Sloan has done just that. All of his work has pushed the boundaries of how we use media and has embraced the marriage of old and new technology.

He wrote an essay called Fish for the iPhone App Tapestry, in which a short essay is presented to the reader sentence-by-sentence at their command as they tap the screen. It’s absolutely lovely–if you have an iPhone and 5 minutes to read it, download it for free here. Not only is the presentation groundbreaking, but the essay itself addresses an interesting topic: the difference between “liking” something on the internet and “loving” something on the internet (the fact that we wrote a whole paragraph about it means we loved it).

Another of his projects was a “novella” called Annabel Scheme. He wrote it in 2009, when the fundraising app Kickstarter was just beginning. He told his audience: “I’m writing a detective story set halfway between San Francisco and the internet. And the more people who reserve a copy, the better each one will be!” When he launched the campaign, he’d already begun writing and had a completion deadline.
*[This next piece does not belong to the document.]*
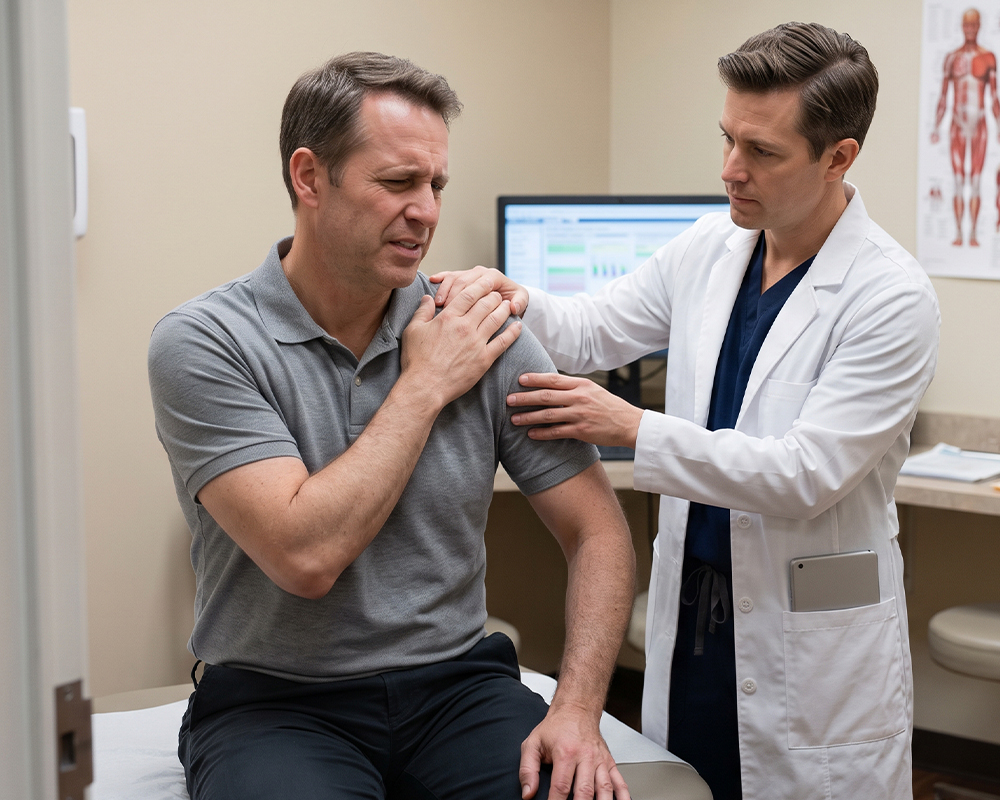 A patient with chronic joint issues wincing and clutching his shoulder during a medical exam at Austin Orthopedic Institute, illustrating symptoms of instability and mobility loss.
Three weeks after launching his project, he updated his “posse,” as he called those backing his project: “As I’m writing this, I have: 295 backers. 507 copies of the book spoken for. 46 days to finish the text. Each one of those numbers is totally thrilling, (And okay, one is scary. Guess which one.)” He exceeded his funding goal and wrote the book in just 69 days while simultaneously running a Kickstarter campaign–no easy feat. But he didn’t stop there. He designed and illustrated the book himself, and, yes, even personally handled the shipping. After the hard copies were brought into the world, he took it one more revolutionary step. He published it digitally For free. And he released it under a Creative Commons License, meaning that anyone is free to make a copy, or use the story or characters in their own work 

His most recent project is a novel, Mr. Penumbra’s Twenty-Four Hour Bookstore. We’re big fans of Robin, so we dedicated to reading the whole thing (which we think Robin will appreciate: the result of the internet, he says, is that “it’s really hard to keep people’s attention”). It’s a fun, witty, fast-paced story about Clay, an unemployed art school graduate, who finds temporary work–and a huge adventure–at a 24-hour bookstore in San Francisco. “I wanted to do something that bounced back and forth between the real world and the virtual world, the new and the old,” Sloan explains. The book does just that. While Clay is solving a mystery surrounding some very strange and archaic books that patrons of the bookstore borrow, he employs the help of his team of high-tech friends: a girl who works at Google, his roommate who is a special effects artist, and a childhood friend who’s made a fortune inventing video gaming technology. Without giving too much away, we’ll just say that the plot brings together the old (a 500-year old mysterious book club) and the new (Google), and the message is that new technology and traditional forms of literacy are not mutually exclusive The book is a wonderful read, but if you’re not sure you can commit to a book, you could read the short story version that came before the novel (although it does contain some spoilers if you plan to read the novel later). And we don’t even think Robin would be upset: he knows you have a lot to read. "It's the great agony and the ecstasy of the Internet today. I think we have more great stuff to read than we ever have before, but of course the downside of that is we have more great stuff to read than we've ever had before," he says. However, Mr. Penumbra’s 24 Hour Bookstore will not disappoint, and the video of the cat will still be on the internet when you’re finished. Oh, and did we mention that the cover of the book glows in the dark?